EXERCISE OBJECTIVE:
In the entries below, find the line with "This video previews" and transcribe it and every line after it exactly, through the last line, without pictures.

GIVEN ENTRIES:
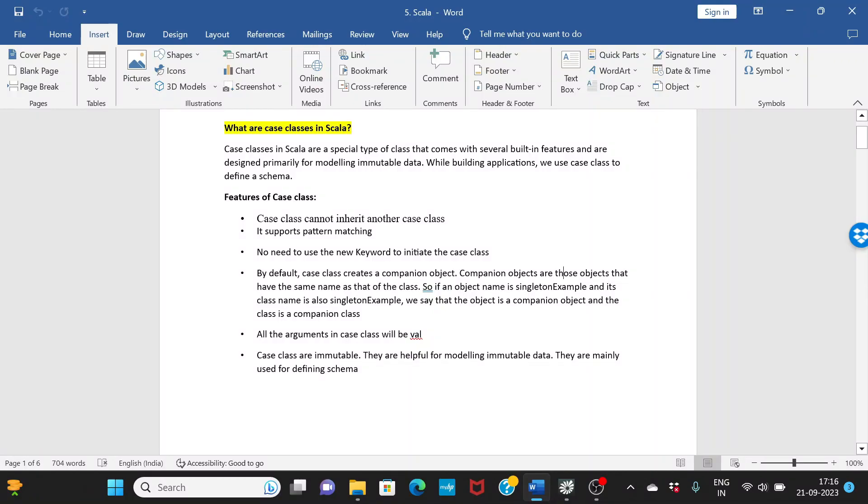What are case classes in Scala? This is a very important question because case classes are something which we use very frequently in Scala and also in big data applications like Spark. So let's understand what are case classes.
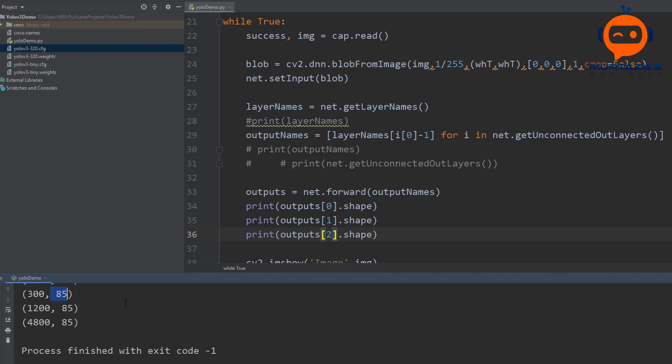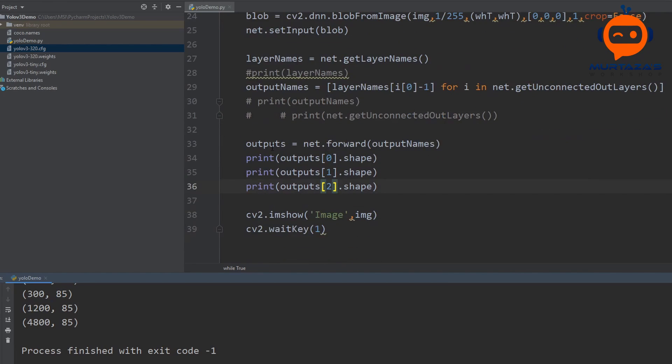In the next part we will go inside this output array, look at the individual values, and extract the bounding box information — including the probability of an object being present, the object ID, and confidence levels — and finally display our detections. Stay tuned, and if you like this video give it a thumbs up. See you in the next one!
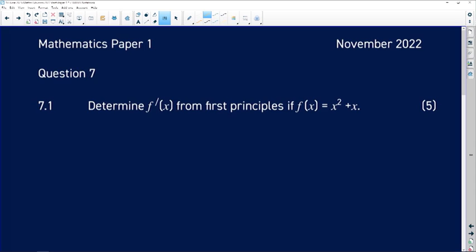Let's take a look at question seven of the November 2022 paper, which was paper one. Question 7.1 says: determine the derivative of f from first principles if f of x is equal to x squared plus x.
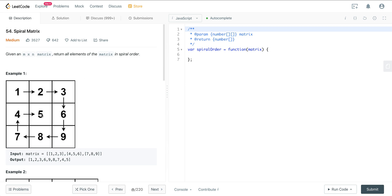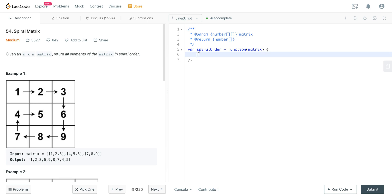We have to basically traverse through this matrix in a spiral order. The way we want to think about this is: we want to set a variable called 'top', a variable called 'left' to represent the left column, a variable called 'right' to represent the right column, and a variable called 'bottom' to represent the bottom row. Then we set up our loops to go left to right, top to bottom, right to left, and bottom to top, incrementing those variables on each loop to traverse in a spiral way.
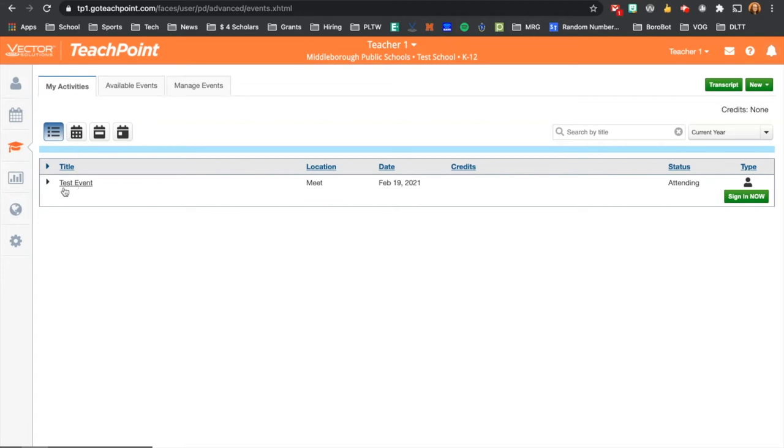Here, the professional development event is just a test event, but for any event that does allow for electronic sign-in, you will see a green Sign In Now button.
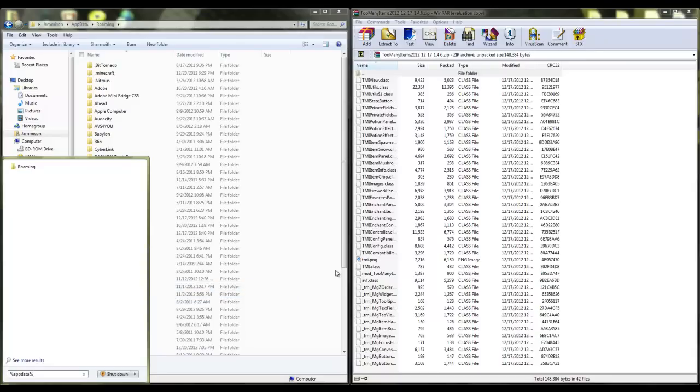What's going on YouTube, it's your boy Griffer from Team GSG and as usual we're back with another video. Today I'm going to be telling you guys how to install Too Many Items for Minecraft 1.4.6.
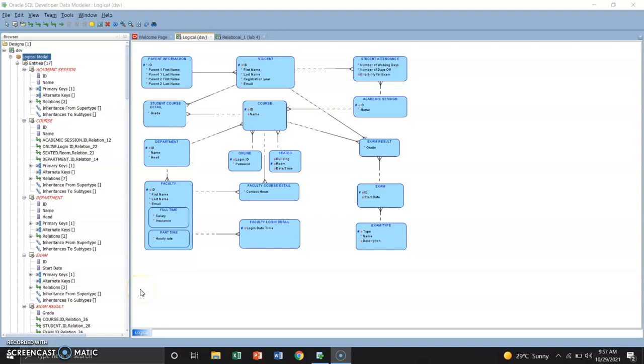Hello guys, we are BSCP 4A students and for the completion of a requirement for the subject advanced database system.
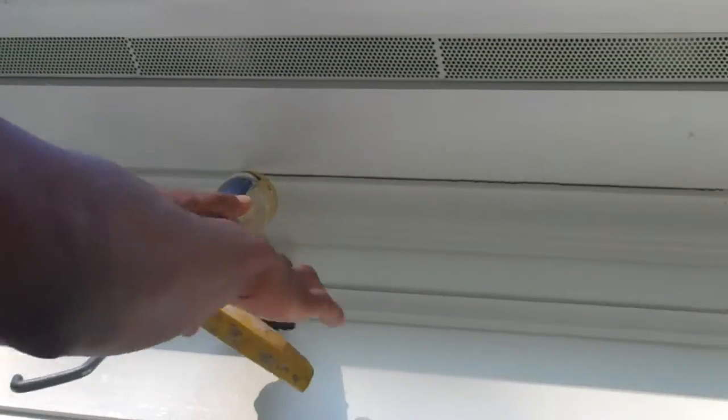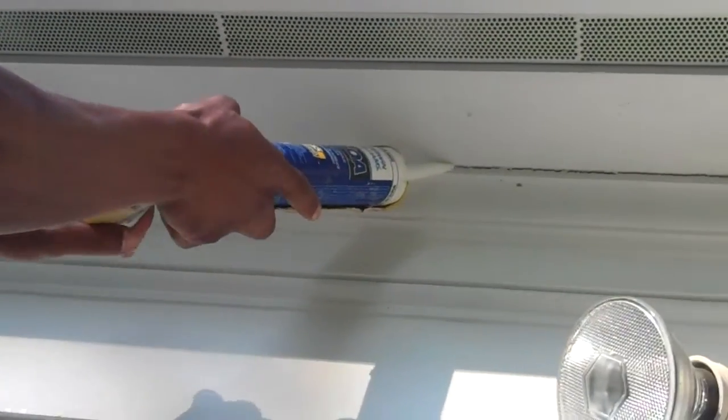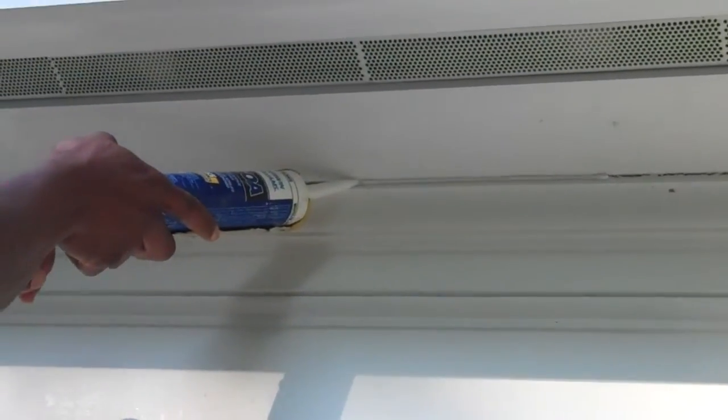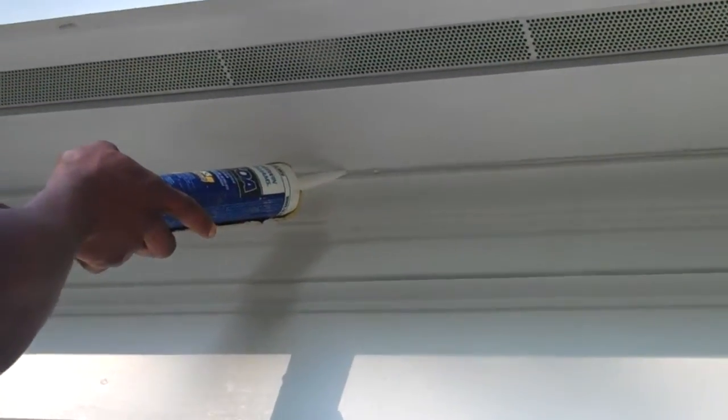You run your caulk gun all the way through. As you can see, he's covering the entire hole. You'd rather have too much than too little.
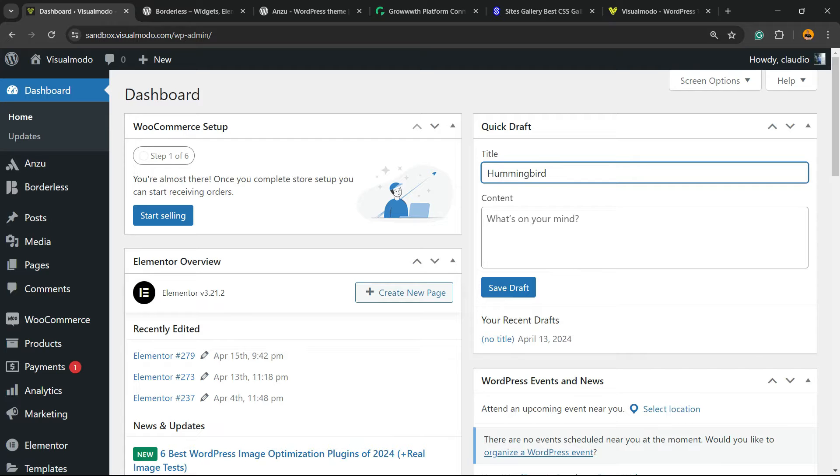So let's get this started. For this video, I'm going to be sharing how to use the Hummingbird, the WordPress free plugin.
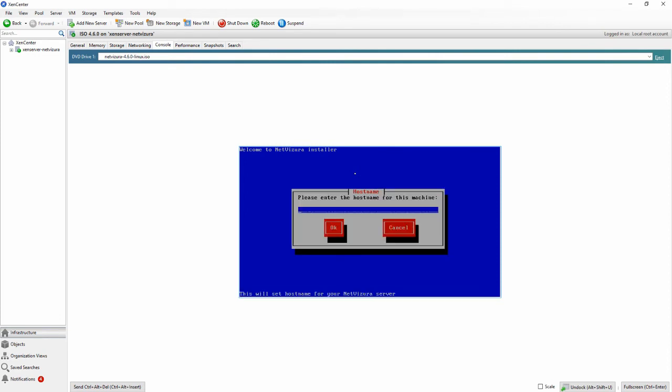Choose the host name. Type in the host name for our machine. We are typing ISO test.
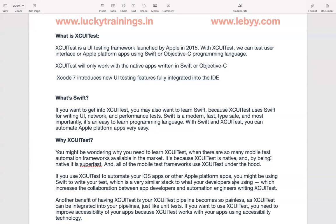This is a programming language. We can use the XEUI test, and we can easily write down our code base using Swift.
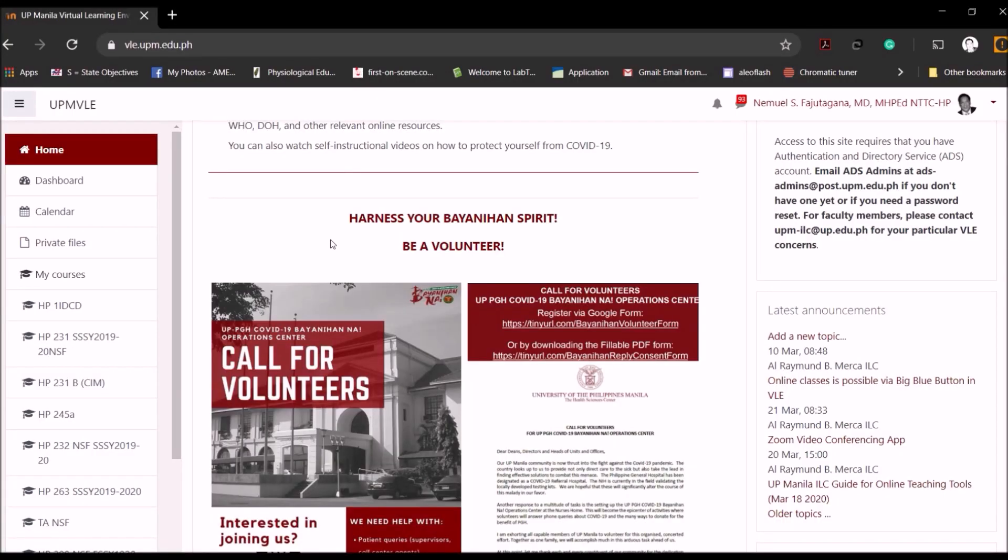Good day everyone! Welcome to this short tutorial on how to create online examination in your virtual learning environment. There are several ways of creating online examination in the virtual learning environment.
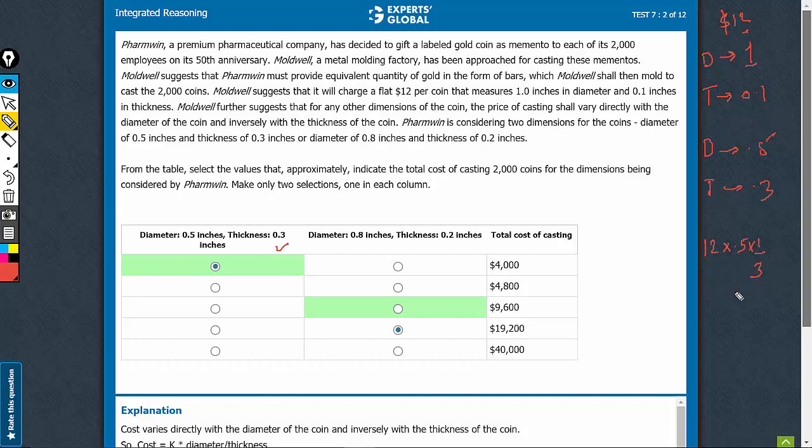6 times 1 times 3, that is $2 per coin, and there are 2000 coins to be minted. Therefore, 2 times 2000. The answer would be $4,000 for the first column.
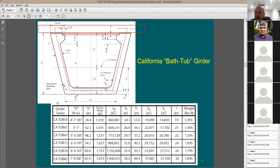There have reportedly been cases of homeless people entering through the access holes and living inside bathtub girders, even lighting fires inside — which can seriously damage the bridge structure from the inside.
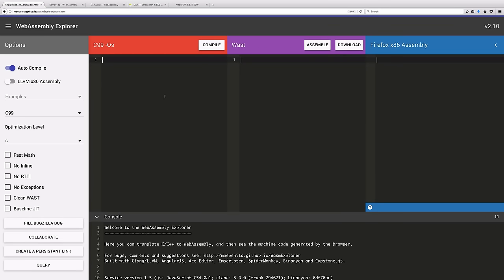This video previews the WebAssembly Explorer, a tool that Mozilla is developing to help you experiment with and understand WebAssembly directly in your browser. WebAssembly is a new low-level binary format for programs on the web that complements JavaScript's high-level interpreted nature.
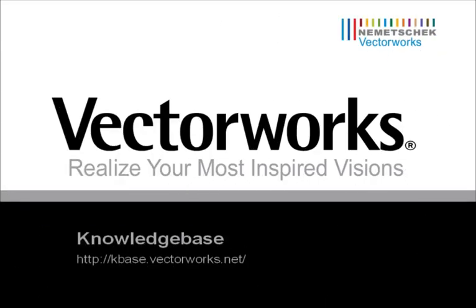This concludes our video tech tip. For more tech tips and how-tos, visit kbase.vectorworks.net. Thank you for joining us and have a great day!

RESULT OF THIS EXERCISE:
This video previews the WebAssembly Explorer, a tool that Mozilla is developing to help you experiment with and understand WebAssembly directly in your browser. WebAssembly is a new low-level binary format for programs on the web that complements JavaScript's high-level interpreted nature.
This concludes our video tech tip. For more tech tips and how-tos, visit kbase.vectorworks.net. Thank you for joining us and have a great day!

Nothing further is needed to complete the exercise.